Last week, South African charity organisation Gift of the Givers said the McGown family had asked for assistance in contacting their son. The organisation had agreed to try and help them. Gift of the Givers was instrumental in the release of South African hostage Yolande Korkie from Yemen in February last year. Her husband, Pierre, however died in a botched American rescue operation in December.
Most of the hostages captured in the Sahel have been French, and France has been accused of paying ransom or agreeing to prisoner exchanges on several occasions. In April 2013, for example, Boko Haram released a French family who they’d taken hostage in Cameroon. The kidnappers later said they were paid several million dollars for this release. French media also reported that a prisoner exchange took place for the hostages to be released.

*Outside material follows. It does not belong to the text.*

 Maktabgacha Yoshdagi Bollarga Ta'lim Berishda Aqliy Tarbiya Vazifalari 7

At the end of last year, there was an outcry in Mali after French hostage Serge Lazarevic was released – also thanks to a prisoner exchange. Some Malians objected to convicted criminals being released in exchange for a French hostage. In the latest video showing McGown and Gustafson, the kidnappers claim that seven ‘mujahideen’ had been released from prisons in Mali and Niger in order to ensure the release of Lazarevic, who was also captured in November 2011. The earlier release of four other French hostages, in October 2013, was also allegedly gained through ransom payments, although French authorities deny this.
Ahead of the French hostages’ release, media and local support groups kept the plight of the hostages alive through frequent mass gatherings, media interviews and public calls on the French government to intervene. The international channel TV5 Monde, for example, ended its daily news coverage with a reference to the hostages in Mali for several months. Why has the same not happened in South Africa?

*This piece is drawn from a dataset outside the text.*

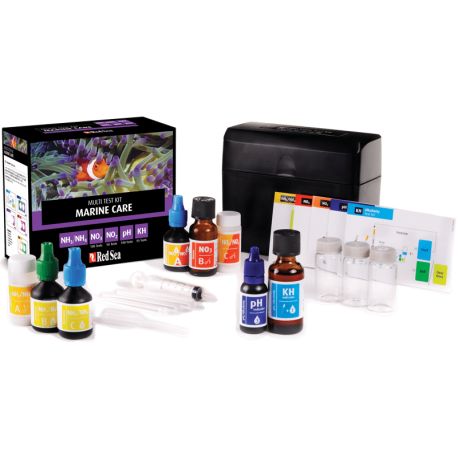 RedSea Marine Care MultiTest kit (NH4, pH, KH, NO2, NO3)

In South Africa, media exposure of the McGown case has been influenced by two factors. Initially, international media reports labelled him as a British hostage. He had obtained a British passport just before his return to South Africa – the fateful journey by road when he was captured. In addition, South Africa’s Department of International Relations and Cooperation had urged the family not to speak to the media in order to allow for behind-the-scenes processes to go ahead. This is standard procedure in most hostage situations worldwide. While frustrating for the family, they largely complied with this request.

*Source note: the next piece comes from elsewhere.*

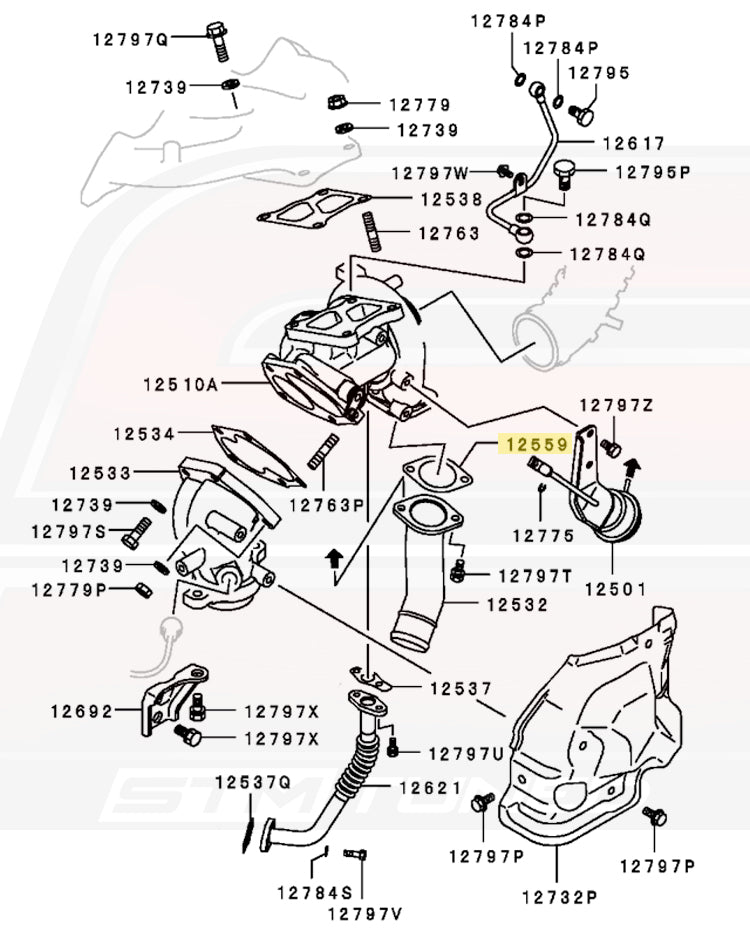 MR281085 Turbo Diagram for Evo 8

Recent events have, however, shone the media spotlight on McGown’s fate. The spectacular release of Rijke in early April prompted McGown’s family to speak out about their son, and to once again call for everything possible to be done for him to be released. The latest video of McGown has now added to this renewed attention to his case.
While the government struggles with an ethical catch-22, the media also face a quandary: some hostage negotiators argue convincingly that too much attention might jeopardise the case. Is it playing into the hands of the al-Qaeda propagandists to even distribute the video, already released on YouTube? (Since its release on 21 June, the 18-minute video has been deleted from some news websites, but clips are still available online.) Or is it a good way of maintaining pressure on whoever is trying to intervene behind the scenes? Both for the government and for the media, there is no clear way out of this almost impossible moral dilemma.